Purpose: Recent trends in stereotactic radiosurgery use multifocal volumetric modulated arc therapy (VMAT) plans to simultaneously treat several distinct targets. Conventional verification often involves low resolution measurements in a single plane, a cylinder, or intersecting planes of diodes or ion chambers. This work presents an investigation into the consistency and reproducibility of this new treatment technique using a comprehensive commissioned high-resolution 3D dosimetry system (PRESAGE R /Optical-CT). Methods: A complex VMAT plan consisting of a single isocenter but five separate targets was created in Eclipse for a head phantom containing a cylindrical PRESAGE R dosimetry insert of 11 cm diameter and height. The plan contained five VMAT arcs delivering target doses from 12 to 20 Gy. The treatment was delivered to four dosimeters positioned in the head phantom and repeated four times, yielding four separate 3D dosimetry verifications. Each delivery was completely independent and was given after image guided radiation therapy (IGRT) positioning using Brainlab ExacTrac and cone beam computed tomography. A final delivery was given to a modified insert containing a pin-point ion chamber enabling calibration of PRESAGE R 3D data to dose. Dosimetric data were read out in an optical-CT scanner. Consistency and reproducibility of the treatment technique (including IGRT setup) was investigated by comparing the dose distributions in the four inserts, and with the predicted treatment planning system distribution. Results: Dose distributions from the four dosimeters were registered and analyzed to determine the mean and standard deviation at all points throughout the dosimeters.
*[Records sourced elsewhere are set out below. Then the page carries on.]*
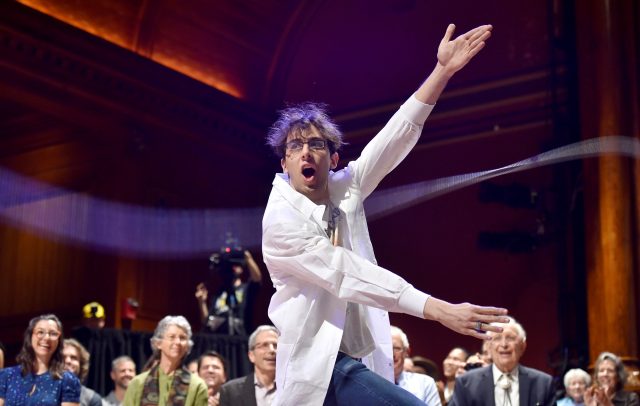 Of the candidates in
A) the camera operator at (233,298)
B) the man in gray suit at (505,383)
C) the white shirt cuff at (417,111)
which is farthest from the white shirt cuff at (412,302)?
the camera operator at (233,298)

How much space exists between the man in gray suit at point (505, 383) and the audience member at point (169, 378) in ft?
4.70

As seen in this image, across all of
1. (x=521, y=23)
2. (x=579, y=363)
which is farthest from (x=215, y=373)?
(x=521, y=23)

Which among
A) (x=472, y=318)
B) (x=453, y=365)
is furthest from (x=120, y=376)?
(x=472, y=318)

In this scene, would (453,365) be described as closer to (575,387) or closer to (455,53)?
(575,387)

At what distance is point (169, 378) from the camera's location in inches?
225

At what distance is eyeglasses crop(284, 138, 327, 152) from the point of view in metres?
3.03

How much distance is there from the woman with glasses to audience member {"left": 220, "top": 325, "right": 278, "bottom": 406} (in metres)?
0.82

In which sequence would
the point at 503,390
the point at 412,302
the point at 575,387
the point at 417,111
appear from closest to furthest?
1. the point at 412,302
2. the point at 417,111
3. the point at 503,390
4. the point at 575,387

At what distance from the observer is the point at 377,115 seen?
10570 mm

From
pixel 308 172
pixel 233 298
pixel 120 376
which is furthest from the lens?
pixel 233 298

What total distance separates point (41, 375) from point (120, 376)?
1384mm

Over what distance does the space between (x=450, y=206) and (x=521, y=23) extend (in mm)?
1952

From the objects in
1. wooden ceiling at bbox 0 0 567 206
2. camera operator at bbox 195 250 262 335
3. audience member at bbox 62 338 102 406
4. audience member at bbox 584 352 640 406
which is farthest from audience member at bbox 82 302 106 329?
audience member at bbox 584 352 640 406

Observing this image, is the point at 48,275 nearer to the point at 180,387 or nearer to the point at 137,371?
the point at 137,371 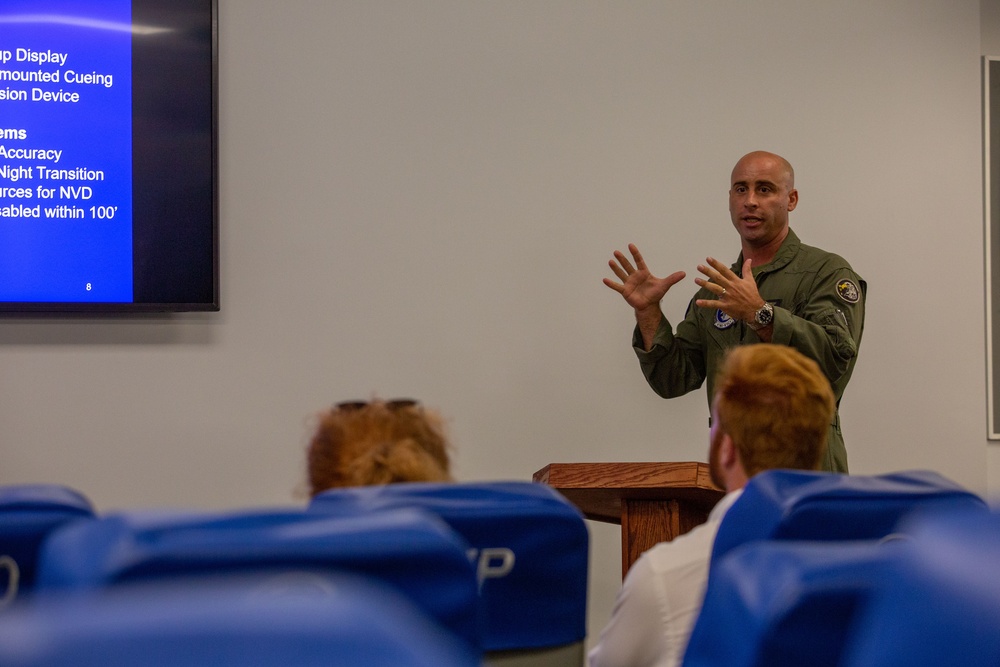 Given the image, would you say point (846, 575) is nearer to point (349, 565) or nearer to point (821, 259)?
point (349, 565)

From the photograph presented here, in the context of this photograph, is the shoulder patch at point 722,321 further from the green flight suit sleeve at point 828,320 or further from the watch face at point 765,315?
the watch face at point 765,315

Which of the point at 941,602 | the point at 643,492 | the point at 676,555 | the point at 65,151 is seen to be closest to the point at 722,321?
the point at 643,492

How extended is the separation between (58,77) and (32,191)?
39 cm

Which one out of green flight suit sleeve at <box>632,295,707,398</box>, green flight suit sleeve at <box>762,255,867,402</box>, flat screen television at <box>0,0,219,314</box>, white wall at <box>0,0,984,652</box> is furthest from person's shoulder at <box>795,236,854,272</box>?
flat screen television at <box>0,0,219,314</box>

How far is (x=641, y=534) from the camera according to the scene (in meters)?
3.04

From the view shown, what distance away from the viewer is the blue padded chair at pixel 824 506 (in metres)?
1.29

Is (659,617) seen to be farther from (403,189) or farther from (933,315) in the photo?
(933,315)

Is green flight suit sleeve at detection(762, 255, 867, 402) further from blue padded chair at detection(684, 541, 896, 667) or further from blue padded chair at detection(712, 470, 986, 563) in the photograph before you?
blue padded chair at detection(684, 541, 896, 667)

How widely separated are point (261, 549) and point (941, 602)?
1.68 feet

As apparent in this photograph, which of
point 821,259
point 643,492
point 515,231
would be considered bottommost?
point 643,492

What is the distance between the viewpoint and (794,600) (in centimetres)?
89

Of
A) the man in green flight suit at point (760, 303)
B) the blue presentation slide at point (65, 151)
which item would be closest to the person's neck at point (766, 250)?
the man in green flight suit at point (760, 303)

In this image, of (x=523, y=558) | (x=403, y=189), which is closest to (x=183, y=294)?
(x=403, y=189)

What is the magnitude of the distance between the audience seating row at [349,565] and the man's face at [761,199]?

A dose standard deviation of <3% was found from dosimeter to dosimeter. Global 3D gamma maps show that the predicted and measured dose matched well [3D gamma passing rate was 98.0% (3%, 2 mm)]. Conclusions:The deliveries of the irradiation were found to be consistent and matched the treatment plan, demonstrating high accuracy and reproducibility of both the treatment machine and the IGRT procedure. The complexity of the treatment (multiple arcs) and dosimetry (multiple strong gradients) pose a substantial challenge for comprehensive verification. 3D dosimetry can be uniquely effective in this scenario.